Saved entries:
* * *

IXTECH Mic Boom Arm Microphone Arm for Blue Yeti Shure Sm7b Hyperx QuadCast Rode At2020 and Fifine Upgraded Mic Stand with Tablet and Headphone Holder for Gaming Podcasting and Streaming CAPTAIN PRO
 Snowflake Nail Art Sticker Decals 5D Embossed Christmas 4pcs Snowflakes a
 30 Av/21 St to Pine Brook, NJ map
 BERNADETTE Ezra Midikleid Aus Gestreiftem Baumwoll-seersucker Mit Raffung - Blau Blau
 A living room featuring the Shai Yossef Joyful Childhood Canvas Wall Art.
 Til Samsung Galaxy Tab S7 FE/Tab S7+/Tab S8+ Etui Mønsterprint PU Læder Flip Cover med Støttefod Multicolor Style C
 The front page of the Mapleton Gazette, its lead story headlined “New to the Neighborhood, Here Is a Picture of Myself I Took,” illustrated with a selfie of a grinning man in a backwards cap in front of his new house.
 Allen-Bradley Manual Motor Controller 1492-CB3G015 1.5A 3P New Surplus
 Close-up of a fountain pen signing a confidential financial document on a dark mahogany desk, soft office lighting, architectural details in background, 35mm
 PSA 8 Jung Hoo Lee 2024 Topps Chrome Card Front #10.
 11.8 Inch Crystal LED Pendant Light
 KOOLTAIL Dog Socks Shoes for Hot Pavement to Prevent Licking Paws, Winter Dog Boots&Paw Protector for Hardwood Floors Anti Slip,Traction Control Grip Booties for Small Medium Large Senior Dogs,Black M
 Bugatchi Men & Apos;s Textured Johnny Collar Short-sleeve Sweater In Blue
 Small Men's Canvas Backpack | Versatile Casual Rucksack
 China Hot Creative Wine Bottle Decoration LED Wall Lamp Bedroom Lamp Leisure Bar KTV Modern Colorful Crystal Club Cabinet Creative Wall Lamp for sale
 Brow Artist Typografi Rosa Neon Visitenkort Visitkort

* * *

→ **Instructions to follow**
There is a run of lines above from the one with "30 Av/21 St to Pine Brook, NJ map" to the one with "The front page"; print exactly that run, both ends included, and nothing else.

→ **Response for this exercise**
 30 Av/21 St to Pine Brook, NJ map
 BERNADETTE Ezra Midikleid Aus Gestreiftem Baumwoll-seersucker Mit Raffung - Blau Blau
 A living room featuring the Shai Yossef Joyful Childhood Canvas Wall Art.
 Til Samsung Galaxy Tab S7 FE/Tab S7+/Tab S8+ Etui Mønsterprint PU Læder Flip Cover med Støttefod Multicolor Style C
 The front page of the Mapleton Gazette, its lead story headlined “New to the Neighborhood, Here Is a Picture of Myself I Took,” illustrated with a selfie of a grinning man in a backwards cap in front of his new house.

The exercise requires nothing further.